Directions for this task
Beginning at the line containing "Blinkers Reiju MRX", give again every line through the end of the data, unchanged and with both ends included. Drop any pictures.
[Opening Records for the task section]
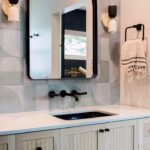 Heather Morris Instagram - Before and after MASTER BATHROOM RENOVATION by @mp_james_design turned out teensy weensy camper bathroom into a spa dream 🛌 😍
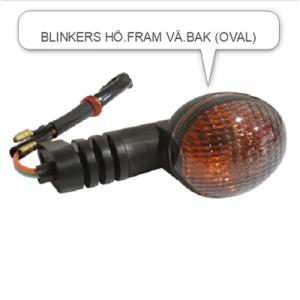 Blinkers Reiju MRX mfl. Höger fram/Vänster bak mörkt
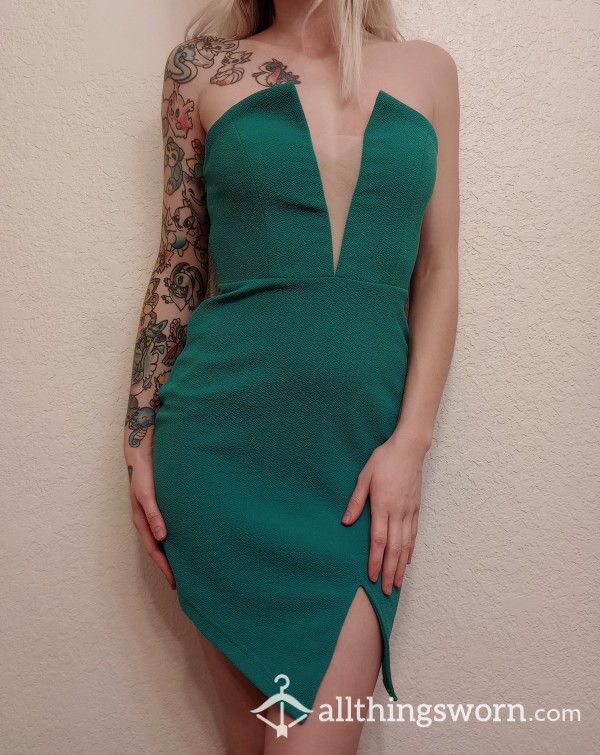 Sexy Turquoise Club Dress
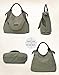 xiaoxiongmao Large Pocket Casual Women's Shoulder Cross body Handbags Canvas Leather Bags Army green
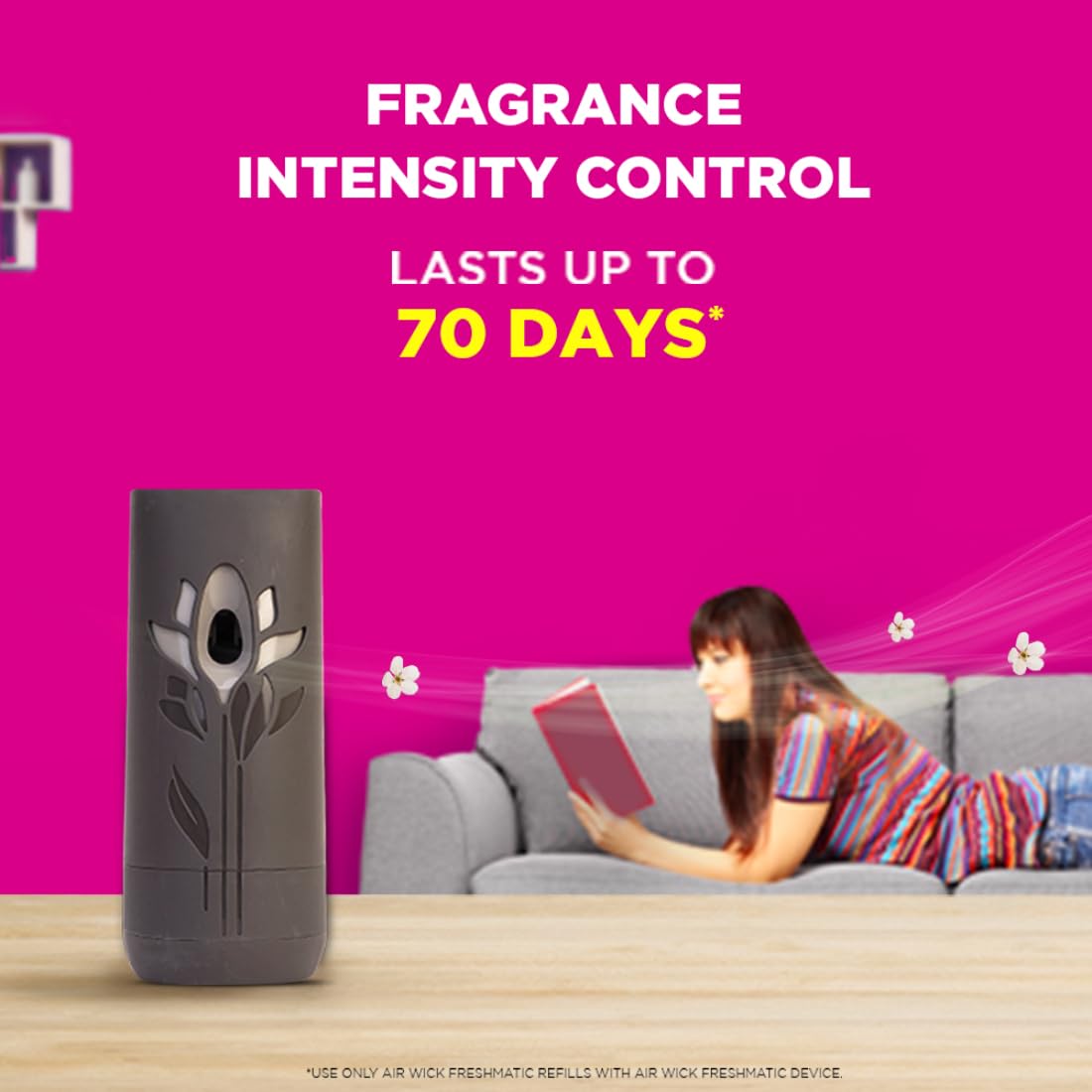 Air Wick 250 ml - Vanilla & Muskmelon (Summer Delights), Refill + Automatic Spray| Freshmatic Air Freshener Kit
[Closing Records for the task section]
Problem solution
 Blinkers Reiju MRX mfl. Höger fram/Vänster bak mörkt
 Sexy Turquoise Club Dress
 xiaoxiongmao Large Pocket Casual Women's Shoulder Cross body Handbags Canvas Leather Bags Army green
 Air Wick 250 ml - Vanilla & Muskmelon (Summer Delights), Refill + Automatic Spray| Freshmatic Air Freshener Kit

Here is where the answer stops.